Book Spain s Transition to Democracy

Download or read book Spain s Transition to Democracy written by Andrea Bonime-blanc and published by . This book was released on 2019-10-02 with total page 182 pages. Available in PDF, EPUB and Kindle. Book excerpt: After the death of longtime dictator Generalissimo Franco in 1975, King Juan Carlos acted decisively to institute a dramatic change in Spanish politics. By appointing an unknown Christian democrat, Adolfo Suarez, as prime minister, the king paved the way for the transformation of Spain from an authoritarian regime to a liberal democracy. Central to this singular transition was the formulation of the new Spanish constitution, an unusual process of political give and take. Dr. Bonime-Blanc examines the evolutionary phases of the constitution-making process, describing the conflicts, maneuvers, and compromises of the principal political players involved. Analyzing the negotiations and their constitutional results, she pinpoints the factors that make a successful transition to democracy possible. In her closing chapter, the author illustrates the lessons of the Spanish case and their practical implications for future transitions to democracy.

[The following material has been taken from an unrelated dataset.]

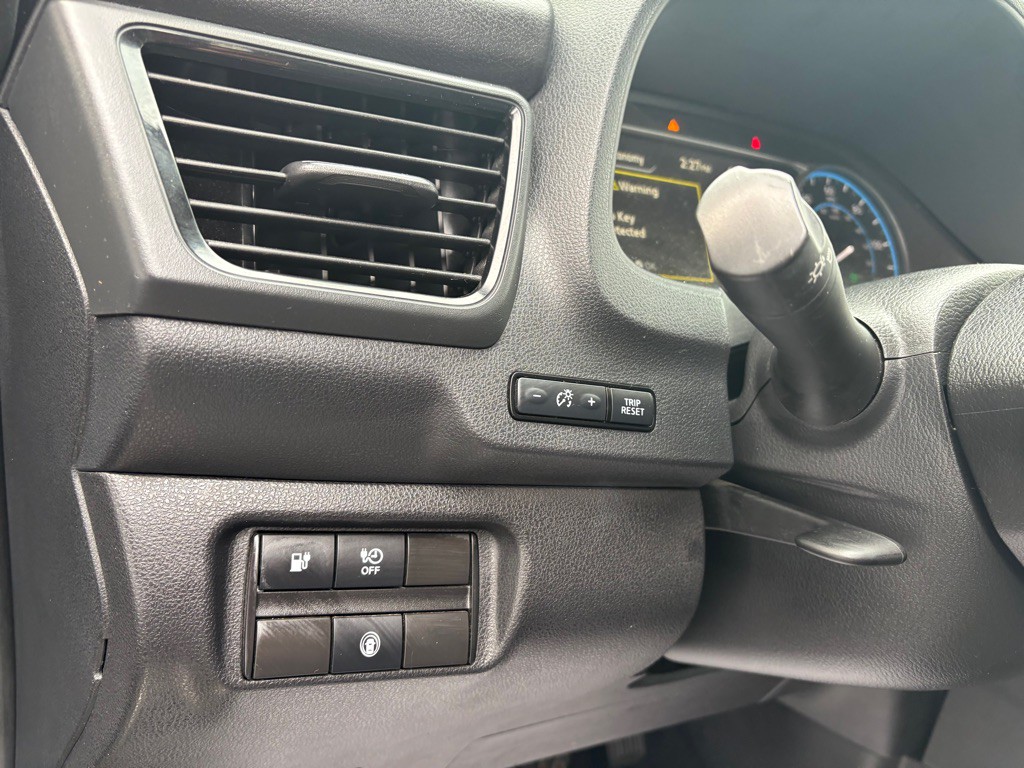 2022 Nissan Leaf Image 16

Book Making Democratic Citizens in Spain

Download or read book Making Democratic Citizens in Spain written by P. Radcliff and published by Springer. This book was released on 2011-03-23 with total page 416 pages. Available in PDF, EPUB and Kindle. Book excerpt: A fascinating study of the contribution of ordinary men and women to Spain's democratic transition of the 1970s. Radcliff argues that participants in neighbourhood and other associations experimented with new practices of civic participation that put pressure on the authoritarian state and made the building blocks of a future democratic citizenship

Book Spain s Transition To Democracy

Download or read book Spain s Transition To Democracy written by Andrea Bonime-blanc and published by Routledge. This book was released on 2019-07-09 with total page 161 pages. Available in PDF, EPUB and Kindle. Book excerpt: After the death of longtime dictator Generalissimo Franco in 1975, King Juan Carlos acted decisively to institute a dramatic change in Spanish politics. By appointing an unknown Christian democrat, Adolfo Suarez, as prime minister, the king paved the way for the transformation of Spain from an authoritarian regime to a liberal democracy. Central to this singular transition was the formulation of the new Spanish constitution, an unusual process of political give and take. Dr. Bonime-Blanc examines the evolutionary phases of the constitution-making process, describing the conflicts, maneuvers, and compromises of the principal political players involved. Analyzing the negotiations and their constitutional results, she pinpoints the factors that make a successful transition to democracy possible. In her closing chapter, the author illustrates the lessons of the Spanish case and their practical implications for future transitions to democracy.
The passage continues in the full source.